Reviewing the last entry, the behavior of the two parallel structures on the right could be obtuse. Basically, each state owns a section of these arrays as delimited by begEdge and endEdge. Each row within that range contains a character and the state to go to if we see that character.
That's nice and compact. However, it does constitute a linear scan which could be relatively slow. It's probably immeasuable in any real case. Be that as it may, if the lexer needed to be faster we could replace the parallel edge and dest arrays, as well as the begEdge and endEdge arrays, with a gawd-awful sparse matrix. It would take up more space and probably not be very i18n-able. However, we'd be able to generate tokens about as fast as it could be done.
The table would be a nx256 int array where n is the number of states in the lexer. The 256 ints for a state would represent the transitions possible. The ASCII value of the input character would be an index into this array. The result would be the next state.

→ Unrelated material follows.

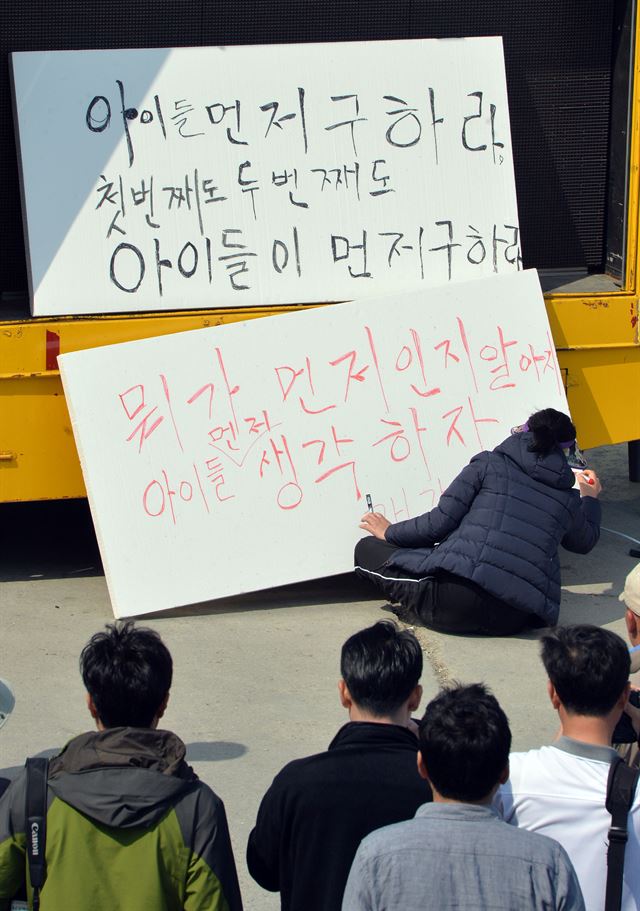 한 세월호 실종자 가족이 24일 전남 진도 팽목항에서 실종된 학생들의 구조를 우선해 달라는 내용의 글을 쓰고 있다. 진도=왕태석기자 kingwang@hk.co.kr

nextState = 0; // start state
while(nextState != -1)
input = getInput();
state = nextState;
nextState = sparse[state][input];
// 'state' is where we finished, and 'input' would
// be the unaccepted character that we'd re-ingest
// next time.
Not a lot of code there...
Another option is to go the other way, and say all this array stuff is rubbish. The lexer would include normal classes which we'd instanciate the first time the lexer was used. We could replace the four parallel arrays with a simple class and the two parallel edge arrays with a Map. Instead of having state IDs or Token IDs, etc, we'd use references to instances in our classes.